Konstruksi politik Sjahrir mensyaratkan politik sebagai kegiatan kolektif, bukan komunal. Alat dari komunalitas adalah pemaksaan menerima semacam ikatan kekuasaan dan keyakinan yang cenderung absolut, dan ditopang kekerasan. Yang dibutuhkan adalah kepatuhan dari mereka yang terpenjara rasa takut.

Kolektivitas mengajar orang berpikir, bekerja dan berpolitik dengan akal sehat. Di dalamnya orang bekerja untuk membangun semacam argumentative society, yang hanya mungkin dilakukan oleh orang-orang berjiwa merdeka. Itulah pentingnya politik pedagogi; suatu pendidikan yang membuat orang matang berpolitik agar mampu merawat demokrasi.

Demokrasi diyakini Sjahrir hanya bisa terwujud melalui sosialisme kerakyatan, yakni sosialisme yang menjunjung tinggi derajat kemanusiaan dengan mengakui dan menjunjung persamaan derajat setiap manusia.
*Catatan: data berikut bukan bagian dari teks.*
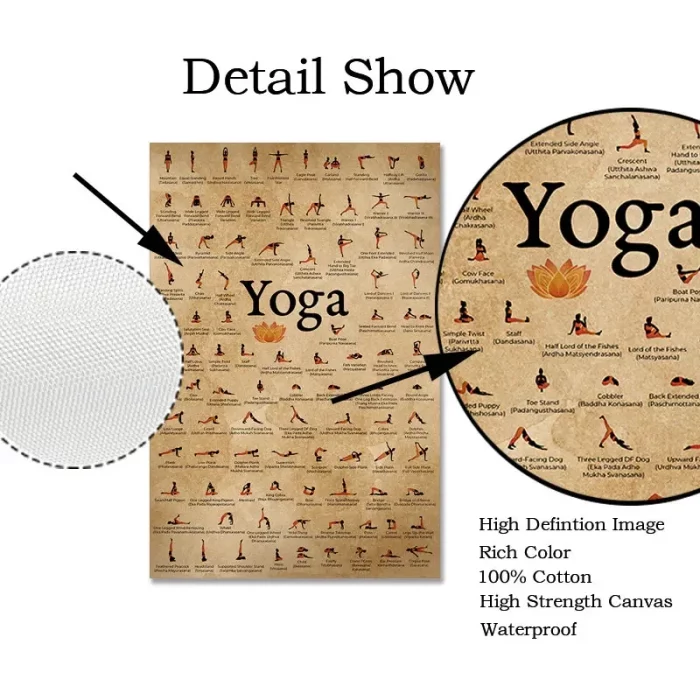Yoga Poster Home Exercise Gym Yoga Ashtanga Chart Pose Health Poster Canvas Painting Print Wall Art Picture Living Room Decor - Image 6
Nilai-nilai yang mendasarinya adalah nilai-nilai fundamental, yakni keadilan, kemanusiaan, kerakyatan, kesetaraan, kesejahteraan, kebebasan, dan solidaritas kepada mereka yang ditindas dan diisap oleh penjajahan sistem kapitalisme. Paham sosialisme kerakyatan menentang segala bentuk kediktatoran kelas, baik borjuis maupun proletar, rezim otoriter kiri maupun kanan karena bertentangan dengan nilai-nilai fundamental sosialisme dan demokrasi.

Negara kesejahteraan

Situasi di Indonesia saat ini tampaknya semakin menjauh dari negara kesejahteraan yang dicita-citakan Sjahrir; yang pengertiannya secara politis adalah mengurangi kemiskinan, memajukan kesetaraan sosial, memajukan stabilitas sosial, memajukan inklusi sosial (menghindari eksklusi sosial), dan memajukan efisiensi ekonomi.
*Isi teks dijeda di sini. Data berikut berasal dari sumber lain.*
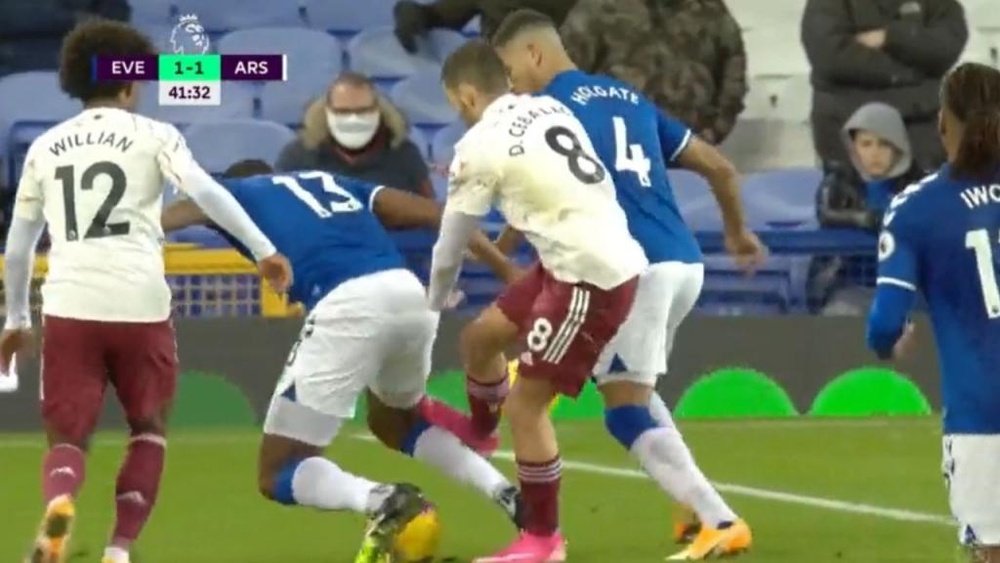 Ceballos could have been sent off for a foul on Mina. Screenshot/DAZN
Secara ideologis, cita-cita Sjahrir merupakan bentuk peralihan antara kapitalisme laissez-faire menuju sosialisme sehingga konsekuensi yang paling mungkin adalah bentuk negara kesejahteraan, Universalist Welfare State, yaitu rezim kesejahteraan sosial demokrat dengan jaminan sosial universal dan kelompok target yang luas, serta tingkat dekomodifikasi yang ekstensif, seperti Swedia, Denmark, Norwegia, Finlandia, dan Belanda.

Negara kesejahteraan berdasarkan sosialisme yang menghidupi demokrasi Indonesia dalam rumusan seorang panelis berbasis tujuh nilai utama, yakni kemanusiaan, keadilan, kerakyatan, kebebasan, kesetaraan, kesejahteraan, dan solidaritas, mendudukkan partisipasi setiap individu warga negara dengan pemenuhan hak-hak sipil, politik, ekonomi, sosial dan budaya sebagai jantungnya.

Sutan Sjahrir telah berpulang 43 tahun lalu. Ia meninggalkan cita-cita demokrasi dan negara kesejahteraan serta contoh ketulusan perjuangan hati nurani. Ironisnya, semua itu tampaknya telah menguap dari ingatan kolektif para politisi di negeri yang ia cintai ini.